▶ **TASK INSTRUCTIONS**
Return, with both end lines included, exactly what the data below holds from the line with "Lazy Otter Innovations LLC" through the line with "単一原料米 熊本県 人吉市", though not the pictures.

▶ **GIVEN DATA**

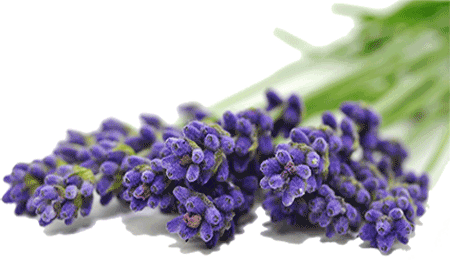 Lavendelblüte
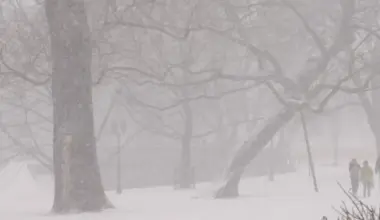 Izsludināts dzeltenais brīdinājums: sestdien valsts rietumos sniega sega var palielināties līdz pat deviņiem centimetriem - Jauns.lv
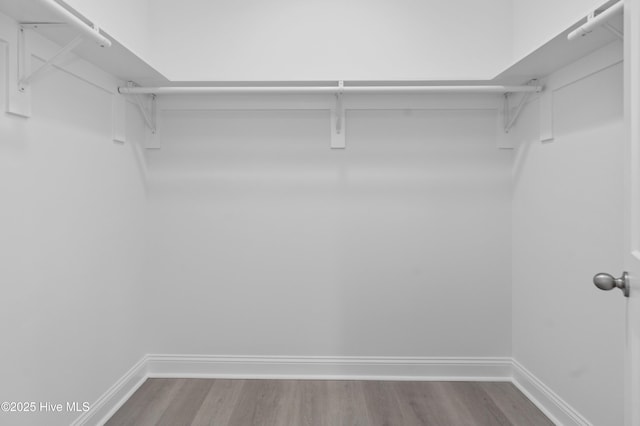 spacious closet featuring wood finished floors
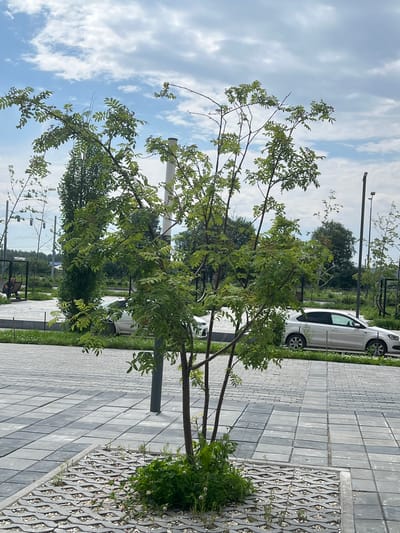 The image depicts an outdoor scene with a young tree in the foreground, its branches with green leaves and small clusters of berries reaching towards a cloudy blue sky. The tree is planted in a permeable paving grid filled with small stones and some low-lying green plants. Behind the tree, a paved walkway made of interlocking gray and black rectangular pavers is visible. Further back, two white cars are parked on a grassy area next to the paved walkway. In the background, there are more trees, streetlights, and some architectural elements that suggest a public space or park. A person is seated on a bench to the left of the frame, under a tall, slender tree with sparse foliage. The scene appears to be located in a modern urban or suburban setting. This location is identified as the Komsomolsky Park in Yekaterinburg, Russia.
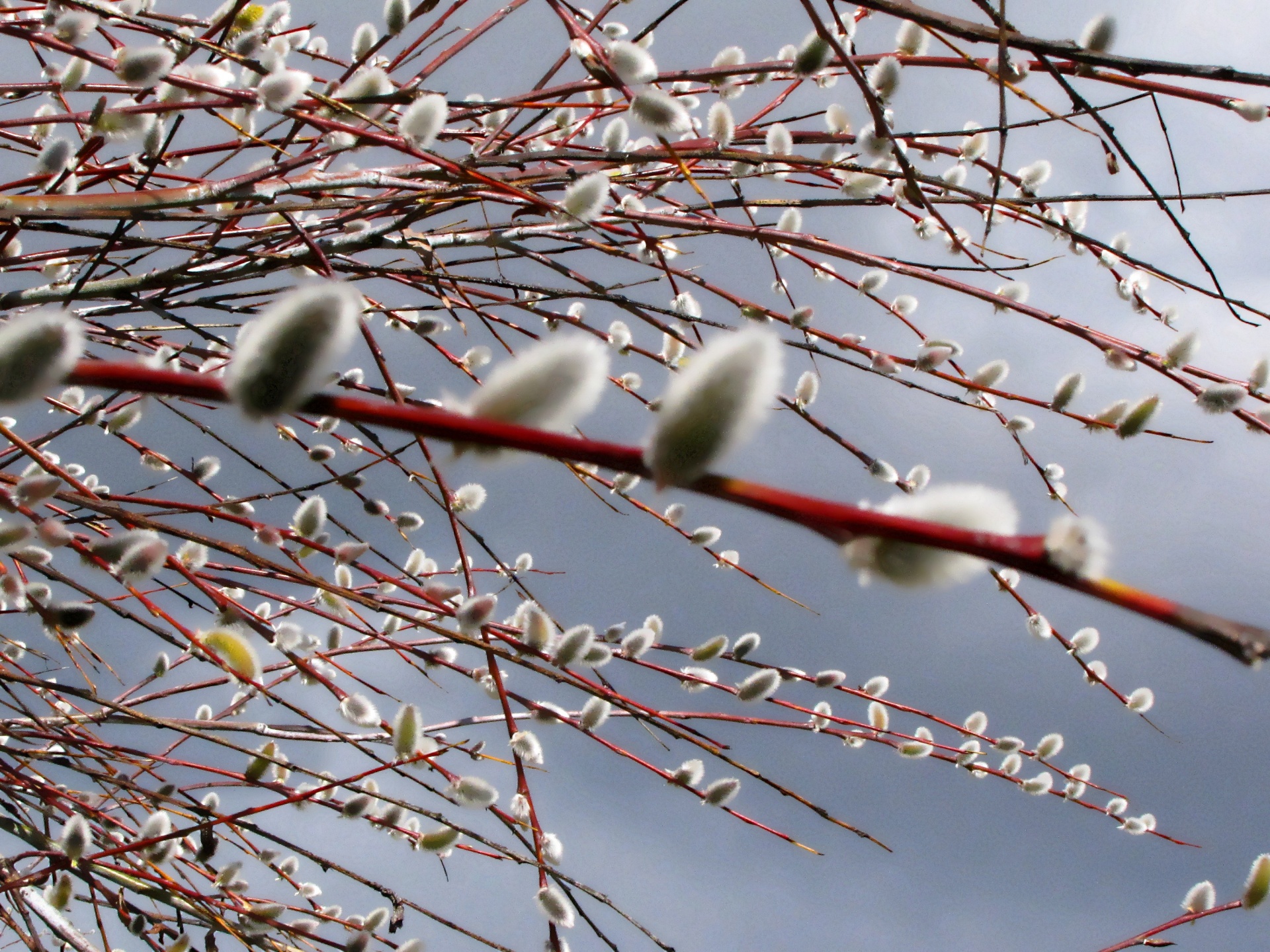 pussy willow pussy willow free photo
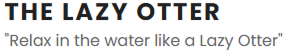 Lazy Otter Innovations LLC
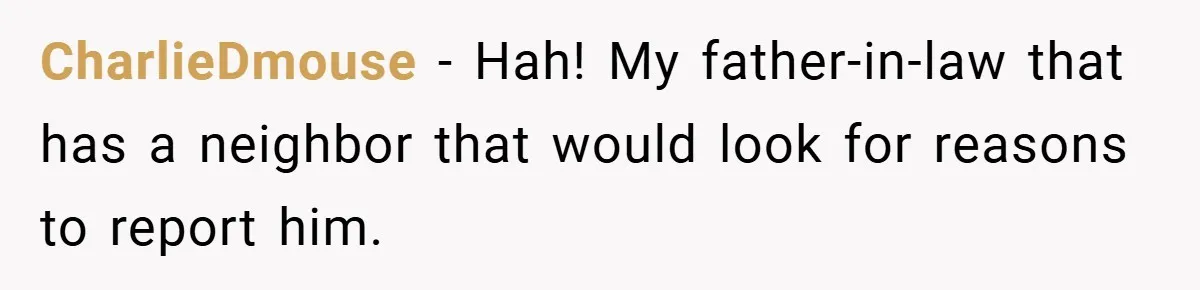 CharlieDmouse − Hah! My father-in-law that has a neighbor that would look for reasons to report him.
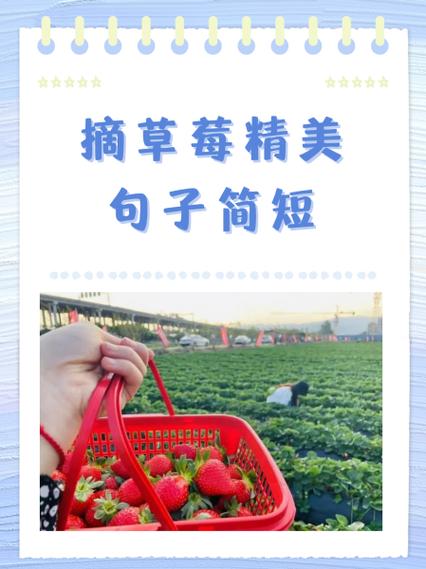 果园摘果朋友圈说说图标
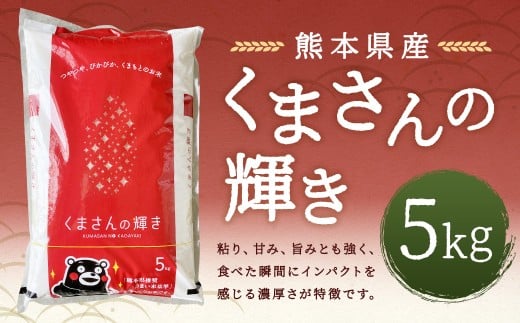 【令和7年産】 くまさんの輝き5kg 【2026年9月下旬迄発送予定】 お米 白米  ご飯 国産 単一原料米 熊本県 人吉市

---

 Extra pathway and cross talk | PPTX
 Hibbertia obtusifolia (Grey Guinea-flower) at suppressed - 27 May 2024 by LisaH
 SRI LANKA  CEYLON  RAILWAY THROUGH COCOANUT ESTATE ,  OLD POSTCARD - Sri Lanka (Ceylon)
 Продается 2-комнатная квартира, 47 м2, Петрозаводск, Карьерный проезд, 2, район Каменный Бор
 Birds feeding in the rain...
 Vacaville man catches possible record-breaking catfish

--

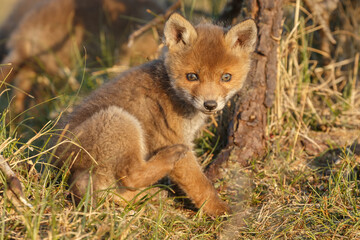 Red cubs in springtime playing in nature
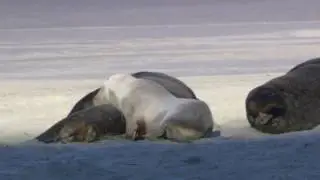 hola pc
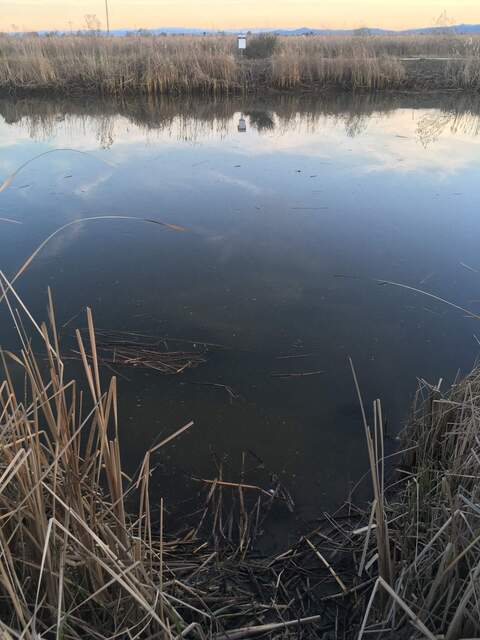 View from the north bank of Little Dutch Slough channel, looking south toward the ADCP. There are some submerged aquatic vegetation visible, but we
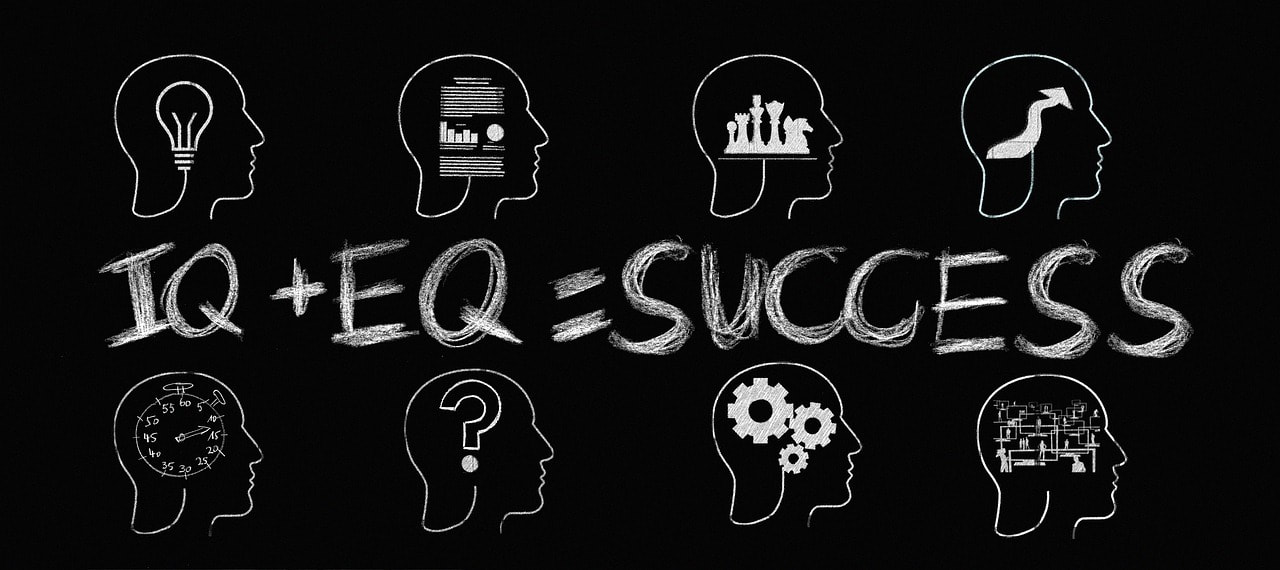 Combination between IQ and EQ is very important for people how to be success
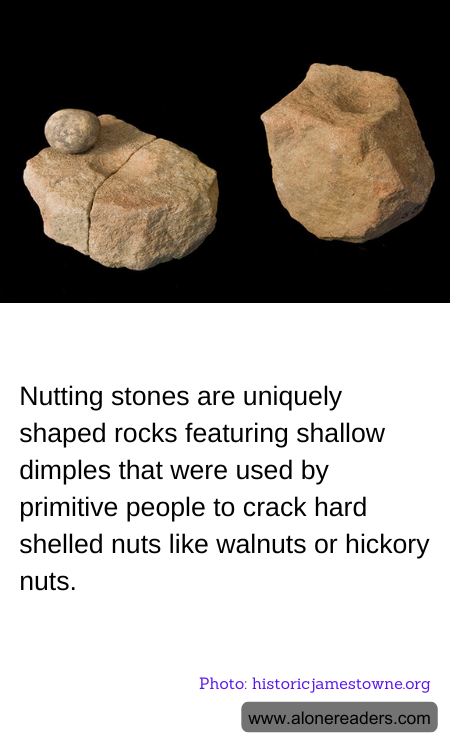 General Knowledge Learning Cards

▶ **ANSWER TO THIS PROBLEM**
 Lazy Otter Innovations LLC
 CharlieDmouse − Hah! My father-in-law that has a neighbor that would look for reasons to report him.
 果园摘果朋友圈说说图标
 【令和7年産】 くまさんの輝き5kg 【2026年9月下旬迄発送予定】 お米 白米  ご飯 国産 単一原料米 熊本県 人吉市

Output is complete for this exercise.